- [Your instructions] Give the lines again exactly as they appear below, from the line with "Atlanta Medical –" to the line with "Two Traube Marsala", both included, and only those lines. Leave every picture out.

- [Task data]
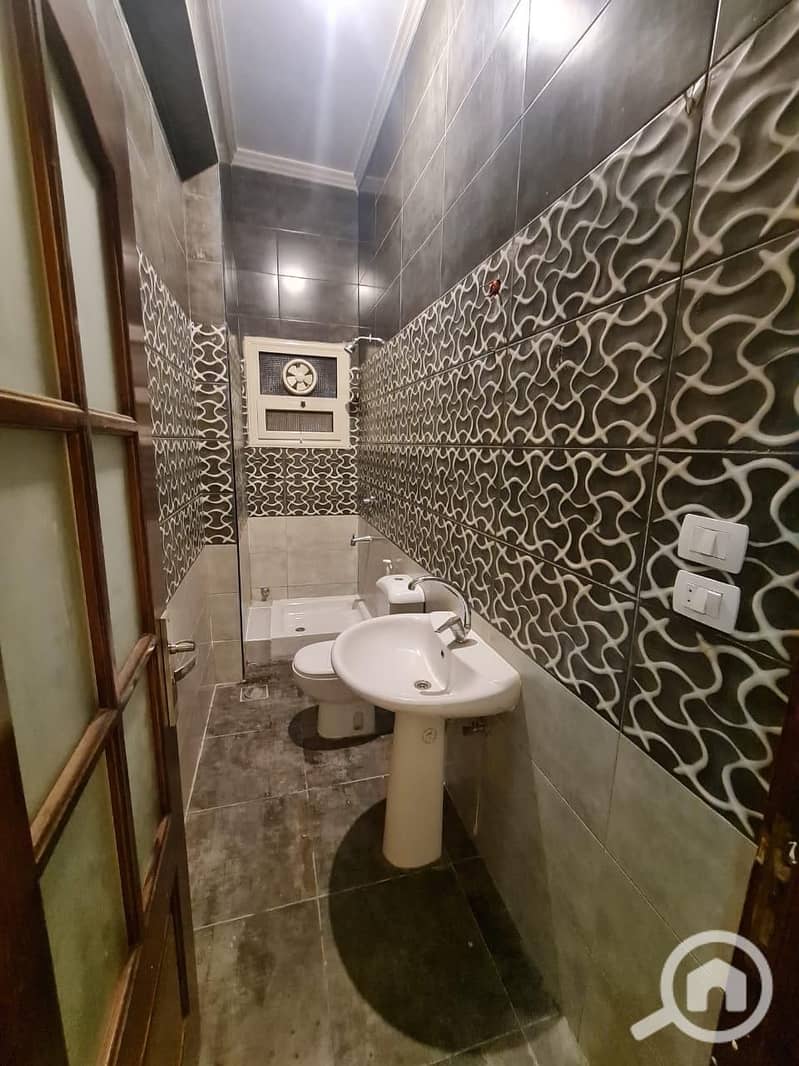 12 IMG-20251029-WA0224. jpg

...

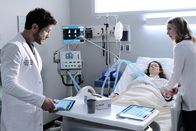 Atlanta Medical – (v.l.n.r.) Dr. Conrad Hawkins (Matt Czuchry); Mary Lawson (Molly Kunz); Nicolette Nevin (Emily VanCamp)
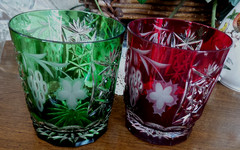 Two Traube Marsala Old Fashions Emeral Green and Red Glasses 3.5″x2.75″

---

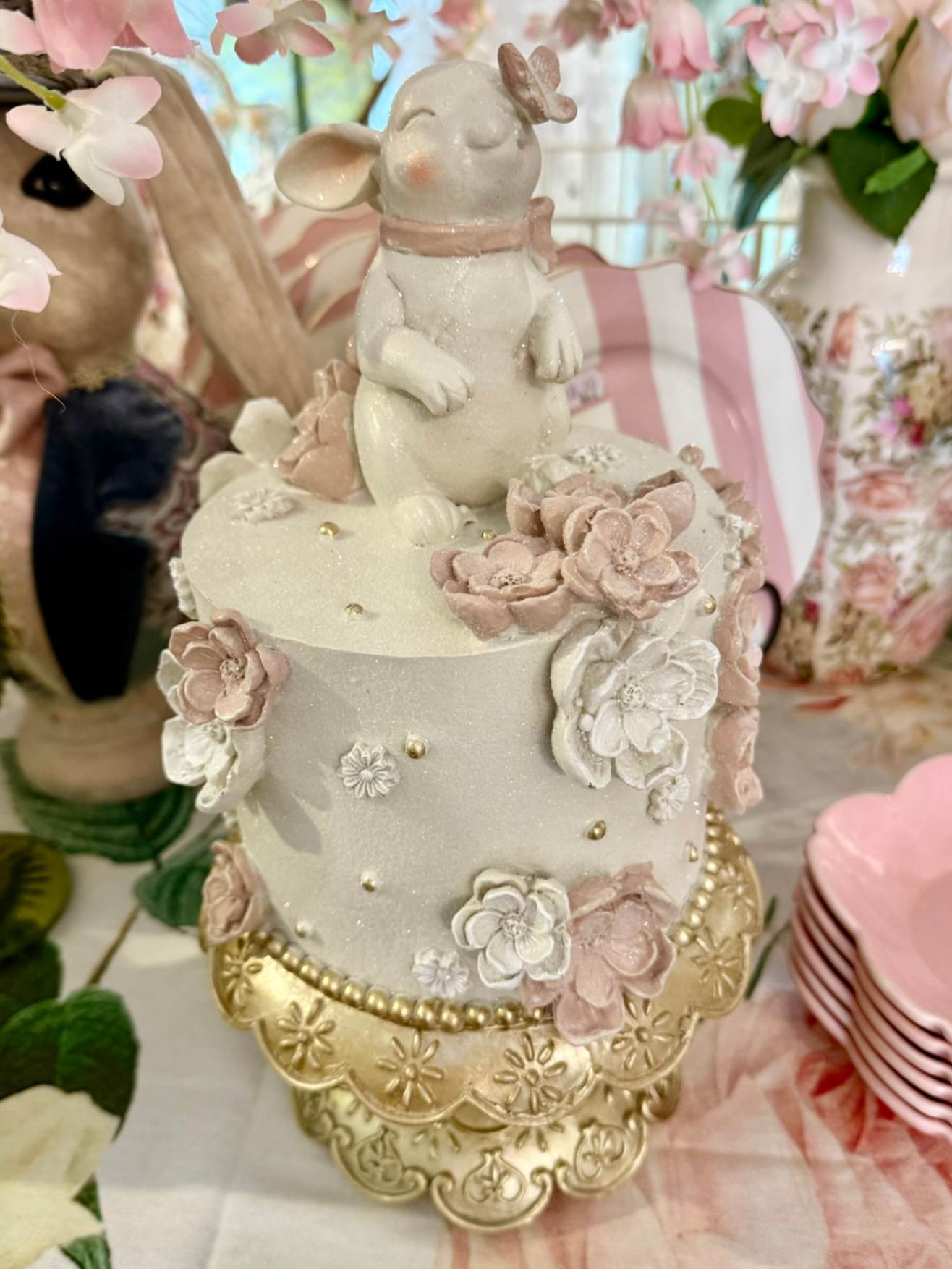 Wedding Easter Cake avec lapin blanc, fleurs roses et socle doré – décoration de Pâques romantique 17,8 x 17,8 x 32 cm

- [Expected answer]
 Atlanta Medical – (v.l.n.r.) Dr. Conrad Hawkins (Matt Czuchry); Mary Lawson (Molly Kunz); Nicolette Nevin (Emily VanCamp)
 Two Traube Marsala Old Fashions Emeral Green and Red Glasses 3.5″x2.75″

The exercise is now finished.